Interestingly, the token perhaps was the fourth-highest scoring, and using it in a prompt with the ' token weakly activated the original MLP1 SAE feature (with an activation of 0.787).

Paths involving attn1

Performing direct score attribution on all of the sublayers of the model indicated that attn1 had a negative contribution to the feature score, largely due to the attention output bias vector. As such, we did not perform very thorough investigations into paths involving attn1; preliminary investigations of its heads' OV de-embedding scores were uninterpretable. That said, a fuller investigation of this SAE feature would spend more time looking at attn1.

Summary

Uniform activating examples suggest that the MLP1 feature seems to activate on the bigram ': '.
Performing de-embedding on the direct path to MLP1 yields a large number of incomprehensible tokens as being the top-scoring tokens. That said, the expected token ' has the 159th-highest score. Performing path patching with some of the incomprehensible tokens does actually increase the feature activation, but the presence of other incomprehensible tokens seems to be an artifact of the linearization process.
Expressing the MLP1 SAE feature in terms of MLP0 SAE features reveals that a large number of MLP0 features contribute to the MLP1 feature. The MLP0 feature that is most important has top activating examples that look very similar to the MLP1 feature's top activating examples, but there are often discrepancies between these feature scores.
Looking at the de-embedding for the path from MLP0 to MLP1, the top tokens include =” and ':' and ="; the "expected" token ' has the 102nd-highest score.
Looking at the path from attn0 to MLP1 and the path from MLP0 to MLP0 to MLP1 indicates that attention head 2 seems to contribute to the feature via the ': token preceding the ' token. De-embedding supported this, but also revealed some unexpected tokens which, when used in prompts, weakly activated the original SAE feature.

Linearization experiments

Since the reverse-engineering process linearly approximates MLPs by taking their gradient, and MLPs are highly nonlinear, this raises the question of how accurate this method is. In order to get some initial intuition, we performed some experiments testing this linearization approach. Our preliminary findings are that linearization tends to provide a good approximation for inputs that activate the SAE feature, but its accuracy is much less on non-activating inputs.

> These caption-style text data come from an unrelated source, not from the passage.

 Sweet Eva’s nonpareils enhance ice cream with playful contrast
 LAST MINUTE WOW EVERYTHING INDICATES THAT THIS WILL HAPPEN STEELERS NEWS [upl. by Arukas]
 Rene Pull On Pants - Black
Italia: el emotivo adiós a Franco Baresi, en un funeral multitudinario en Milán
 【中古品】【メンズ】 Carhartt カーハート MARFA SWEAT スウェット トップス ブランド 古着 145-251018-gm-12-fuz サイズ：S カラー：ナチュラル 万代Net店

Activation steering for the `'t` feature in GELU-1L

Recall the 't feature in GELU-1L that we previously studied. In order to understand whether the feature vector obtained by linearizing the MLP is useful, we performed activation steering experiments, in which we added the linearized feature vector to the pre-MLP activations of the model and looked at how much the SAE feature score changed.

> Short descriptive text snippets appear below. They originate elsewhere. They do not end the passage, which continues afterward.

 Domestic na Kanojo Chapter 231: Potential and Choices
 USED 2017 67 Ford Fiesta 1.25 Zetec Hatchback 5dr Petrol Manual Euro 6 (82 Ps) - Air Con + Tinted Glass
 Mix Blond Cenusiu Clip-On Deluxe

In particular, we looked at prompts of the form "The quick brown fox [TOKEN]", where [TOKEN] was replaced with "testing", "test", "eat", "will", and "dont". The SAE raw feature score (without the ReLU or bias; this allows us to see partial activations of the SAE feature) was recorded for the final token in each of these prompts; the SAE raw feature score was then recorded when the linearized feature vector added (with coefficient 1) to the pre-MLP activations for each prompt.

Token	Clean score	Dirty score
"testing"	-1.4542	1.4392
"test"	-0.9500	2.4638
"eat"	-0.6423	3.7210
"will"	1.1101	6.1618
"dont"	2.5207	8.6271

The results can be found in the above table. We see that activation steering with the linearized feature vector does increase the raw feature score in all cases. But in particular, activation steering becomes more effective as the original token activates the SAE feature more. Now, we found the feature vector by differentiating on a high activating example, and intuitively, examples where the feature fires are more similar to each other than with examples where it doesn’t, so it’s unsurprising that this feature vector works better the more that the original token activates the feature.

Linearized cosine similarities for the `'t` feature in GELU-1L

Once again, we looked at the 't feature in GELU-1L and prompts of the form "The quick brown fox [TOKEN]", where [TOKEN] was replaced with "testing", "test", "eat", "will", and "dont". We computed the cosine similarities between the linearized features calculated at the last token for each of these prompts and the linearized feature calculated at the last token for the prompt "The quick brown fox doesn't". We did so both by freezing LayerNorm and by differentiating through LayerNorm. The results are provided in the below table.

Token	Frozen LayerNorm	Differentiated LayerNorm
"testing"	0.7745	0.3155
"test"	0.7897	0.3500
"eat"	0.8373	0.4508
"will"	0.9095	0.6253
"dont"	0.9570	0.8189

Two implications jump out. First, the cosine similarities become much higher when the token at which we linearize the MLP activates the SAE feature more highly. We hypothesize that this is because examples that activate the SAE feature tend to be in a similar region of activation space, where the MLP has similar behavior.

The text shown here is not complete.